# Neural Networks in PyTorch

Let's put our knowledge to use and see how one builds a neural network in PyTorch for a given task. If we stick to the iris dataset from before, we know that we have 4 features for every datapoint (flower) and want to predict the species.

This already gives us a lot of information about what we should do. We want to build a classifier that takes the 4 features as input and spits out the probabilities of each species.

We can start with a class inheriting the `nn.Module` again as we have done before. Now we will use some more modules and functions that PyTorch provides in order to do actual machine learning. There are lots of nice building blocks that we can use, [have a look](https://pytorch.org/docs/stable/nn.html).

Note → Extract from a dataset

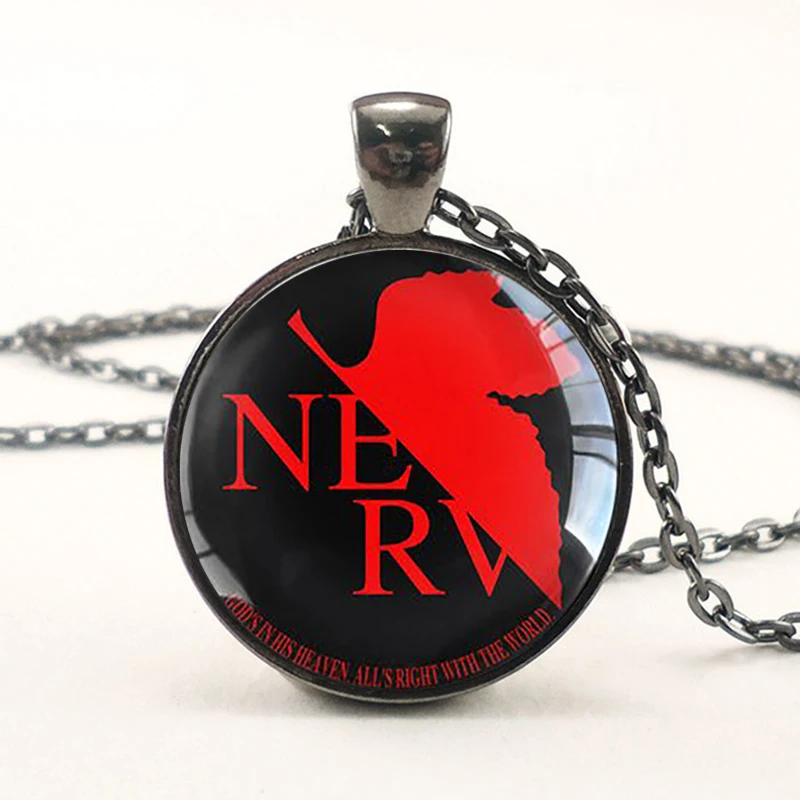 

NEON GENESIS EVANGELION Anime Pendant Necklace Cosplay Gift Pendant Nerv Loggo Glass Dome Jewelry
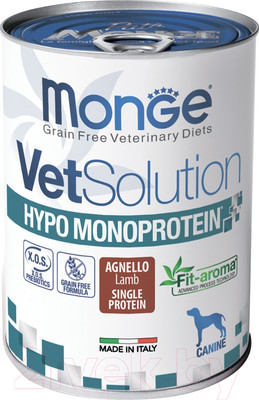 Влажный ветеринарный корм для собак Monge VetSolution Hypo Monoprotein Lamb (400г)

We often call these building blocks `Layers`. They are also PyTorch `Modules` with specific parameters and operations that are executed for you. We will start very simple, with linear layers and rectified linear activation. The `Linear` layer applies a simple linear transformation to data $x$:

$ y = xA^T + b$. with weight matrix $A$ and bias $b$ being trainable parameters of class `Parameter`.

In [20]:
# let's build a little classifier for iris

import torch.nn as nn
import torch.nn.functional as F

# define the network
class Classifier(nn.Module):
    def __init__(self, in_features:int, hidden_features:int, out_features:int):
        super().__init__()
        self.fc1 = nn.Linear( # define the first fully connected layer
            in_features,
            hidden_features
        )
        self.fc2 = nn.Linear( # define the second fully connected layer
            hidden_features,
            out_features
        )
        
    def forward(self, x):
        z = self.fc1(x) # apply the first fully connected layer
        z = F.relu(z) # apply the relu activation function (non-linearity)
        z = self.fc2(z) # apply the second fully connected layer
        return F.softmax(z, dim=1) # apply the softmax activation function to return probabilities for each class

In [21]:
iris_classifier = Classifier(in_features=4, hidden_features=64, out_features=3) # create an instance of the network

Now that we have an example, we can get a better intuition about how the Linear layer works.

In [22]:
### printing some things that happen in the network forward pass and architecture
dummy_input = torch.randn(1, 4)
print("an input sample would have the shape: ", dummy_input.shape)
print("the first layer weights have the shape: ", iris_classifier.fc1.weight.shape)
print("the first layer bias has the shape: ", iris_classifier.fc1.bias.shape)
print("the first layer output is of shape: ", iris_classifier.fc1(dummy_input).shape)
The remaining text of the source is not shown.